Segment Open

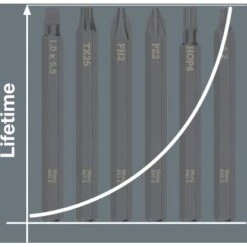 Wera Kraftform Kompakt 900 Set 1 19-teilig -Berühmter Werkzeug Geschäft 4013288222176 2110 AI 04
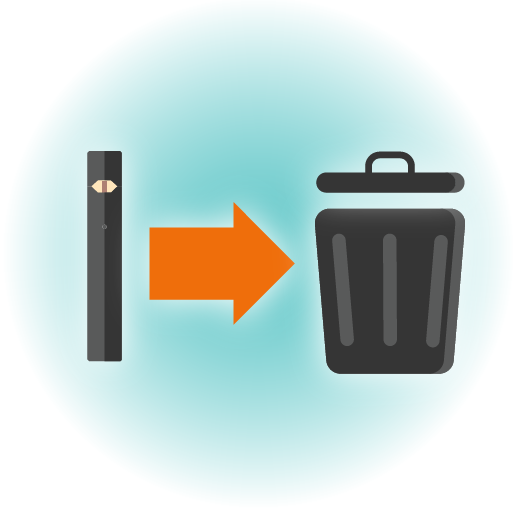 An illustration depicting a juul going into trash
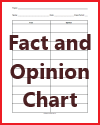 Fact and Opinion Chart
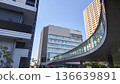 Saitama City Minami Ward Office 136639891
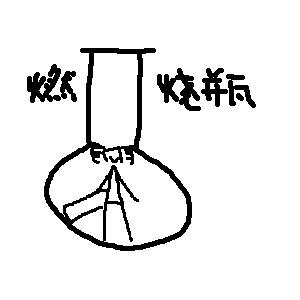 [极地特产笑话] 教大家制作燃烧瓶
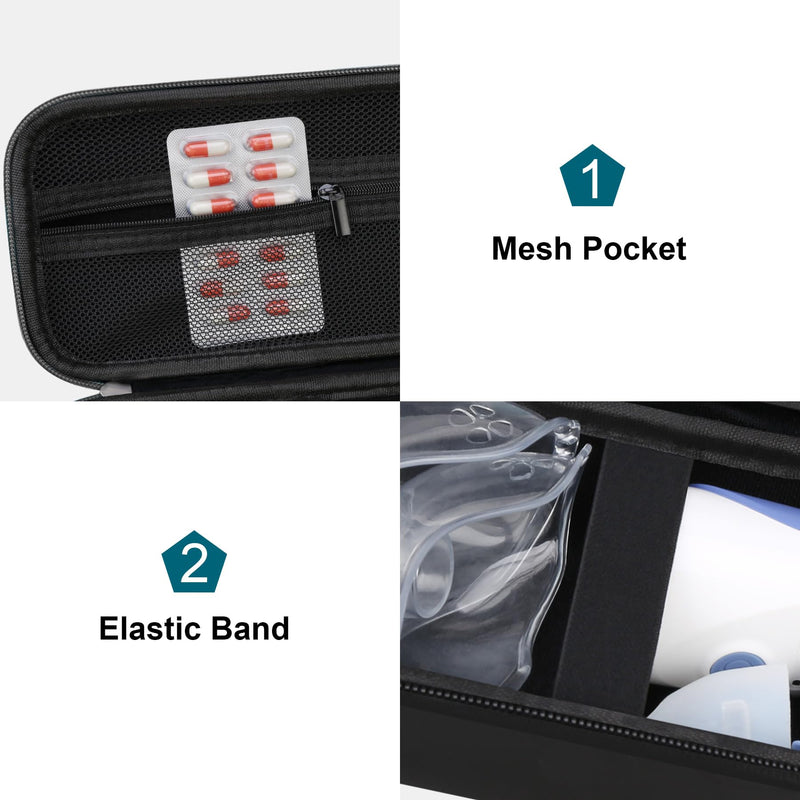 [Australia - AusPower] - Canboc Travel Case for Portable Handheld Inhaler Nebulizer, Home Compression Nebulizer for Adults and Kids, Mesh Pocket fit Packets of Medication or Other Essentials, Black (Case Only)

Segment Closed

■ **Problem**
Give back an exact repeat of the lines from the top of the data through the line that holds "[极地特产笑话] 教大家制作燃烧瓶", both included, and omit pictures.

■ **Reply to the task**
 Wera Kraftform Kompakt 900 Set 1 19-teilig -Berühmter Werkzeug Geschäft 4013288222176 2110 AI 04
 An illustration depicting a juul going into trash
 Fact and Opinion Chart
 Saitama City Minami Ward Office 136639891
 [极地特产笑话] 教大家制作燃烧瓶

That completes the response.